War /

Lebanese President Michel Aoun issued a warning to Israel on Sept. 6 that if it were to attack his nation, it would suffer the consequences of doing so.

Less than a week before Aoun put Israel on notice, the two states traded rocket fire along the Lebanon – Israel border. While their governments have never been at peace with one another, recent events are the first major armed conflicts since the month-long 2006 war. Border clashes have cropped up occasionally, but after two Israeli drones crashed in a Lebanese neighbourhood on Aug. 25, both Aoun and Hezbollah leadership have become more vocal of Israel’s military actions. Then a report emerged that Israel could attack a missile factory which allegedly supplies Hezbollah. 

Sayyed Hassan Nasrallah, the Hezbollah leader in Lebanon, promised to launch a “new phase” in its fight against Israel which will primarily focus on targeting drones inside Lebanese airspace. As the incident last month illustrated, the Israeli Defense Force has no qualms about flying surveillance craft along the border, equipment that is prone to venture into foreign airspace by design. 

Aoun went a step further in condemning the drones which were downed, comparing them to a “declaration of war.” 

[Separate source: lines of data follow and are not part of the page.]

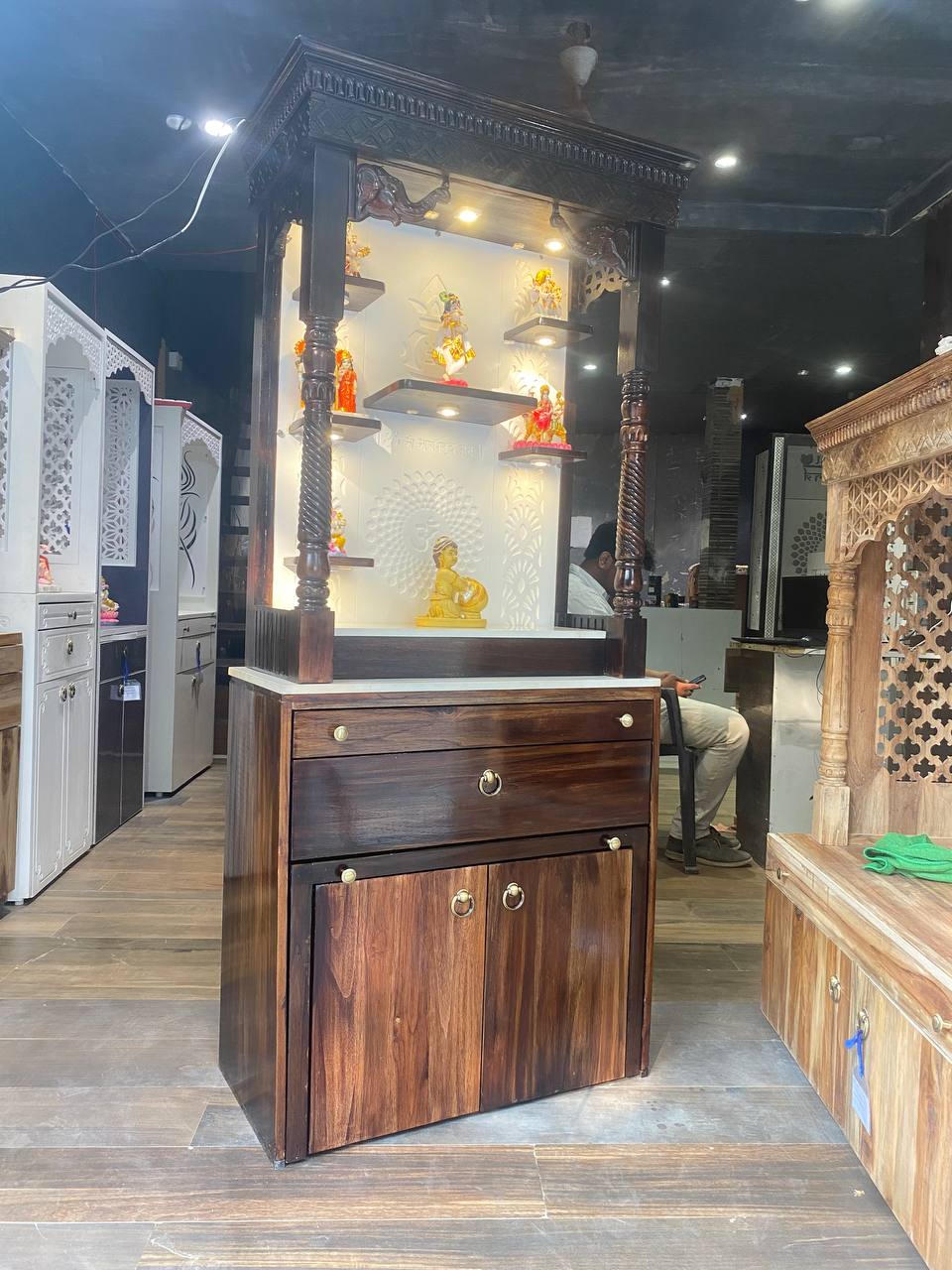 Teakwood mandir with corian back jali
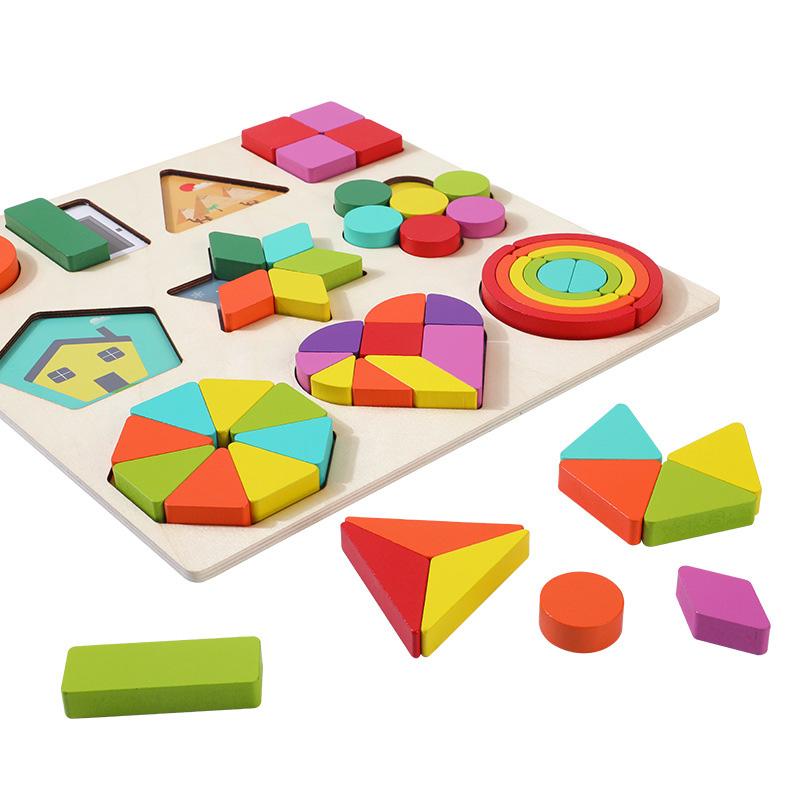 Children's Montessori Geometric Shape Wooden Puzzle Board Kindergarten Baby Early Education Cognitive Matching Toys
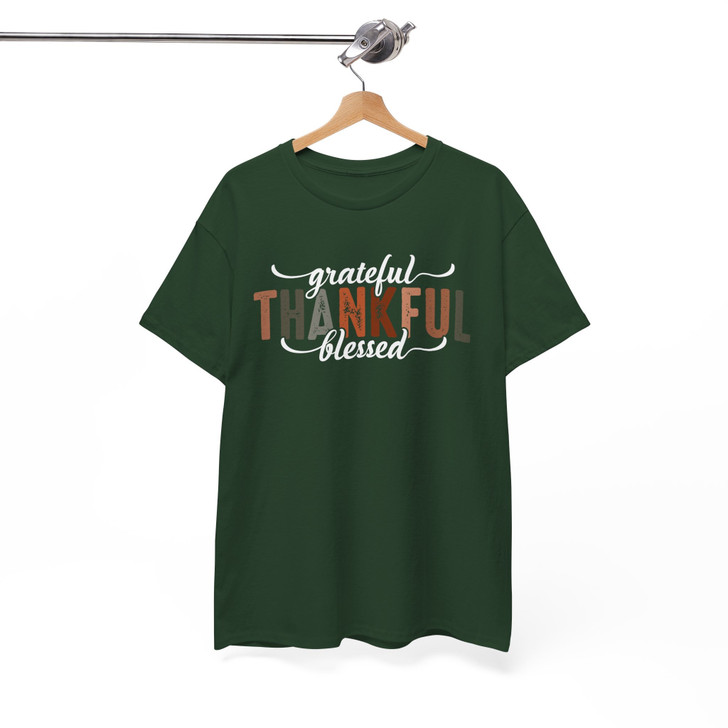 Thankful Grateful Blessed Pumpkin Shirt Adult T Shirt S-5XL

“Any attack on Lebanon’s sovereignty … will be met with legitimate self-defence which Israel will bear the consequences of,” he said according to a transcript released from his office. Aoun had been meeting with United Nations Special Coordinator for Lebanon Jan Kubris as the two discussed ways to prevent the situation from spiralling out of control. Thus far, the conflict is relatively calm compared to other military clashes across the globe, and Aoun would like for it to remain that way.

In a related matter, Aoun invited the United States to mediate discussions over a maritime disagreement with Israel and US Assistant Secretary of State David Schenker landed in Beirut on Tuesday to begin talks with Aoun’s government. It was not only Aoun and his diplomats seeking to control the conversation, but also Hezbollah. Nasrallah urged the Beirut negotiators to deal with Israel from a position of strength. The disagreement between the two states centres around an 860 sq. km. piece of the Mediterranean Sea which both Israel and Lebanon claim ownership of.

Nasrallah lectured his government, however, that American negotiators hold a bias towards Israel. 

“The American envoy is a friend of Israel and keen about [protecting] Israel’s interest and wants to negotiate with our leaders on oil, gas, and border,” Nasrallah said. 

Further complicating the situation, the US government has blacklisted two Hezbollah politicians and Jammal Trust Bank for “knowingly facilitating banking activities for Hezbollah.” 

Within the Trump administration, Secretary of State Mike Pompeo sent a message to Beirut regarding the missile factory. Israel, he said, could target it in the coming days and Pompeo recommended that the Lebanese government dismantle it. For Israel, the compound represents one piece in the greater regional outlook as it provides weapons for Iran as well. 

“This facility is of superior importance to the Hezbollah precision missile project, which is why Hezbollah, in fear of strikes, evacuated precious and unique equipment from the compound to civilian locations in Beirut,” an IDF report stated. 

A senior Israeli official told reporters that the plant has received more focus in recent months and took precedent over Iran’s growing presence in Syria. Israel’s plan to eliminate missile factories is simply another component in its battle against an increasingly-close Iran – Lebanon relationship. Throughout it all, civilians in Syria are the ones who suffer the most: Hezbollah produces weapons in Lebanon and supplies them to Iranian proxy militias who use them in Syria. 

The extension of Israel’s fight against Iran into both Syria and Lebanon is unsurprising given Israeli Prime Minister Benjamin Netanyahu’s policy of completely eradicating his foes. Netanyahu is enjoying – and capitalizing on – a period of carte blanche on the international stage. Few have every successfully opposed Israeli military actions, nor even condemned them, but with Trump in office, Netanyahu can do anything he feels necessary. After all, if American leaders do not pull the reigns in on Israel’s loose cannon, which world power is left to reprimand Israel? Any that do would risk their relationship with Washington, which is already easy enough to do without attacking Israel’s foreign policy. A war could be brewing if Israel continues to ramp up its military strikes, especially within Lebanese airspace. Doing so threatens to ruin a decade of relative peace between the two nations.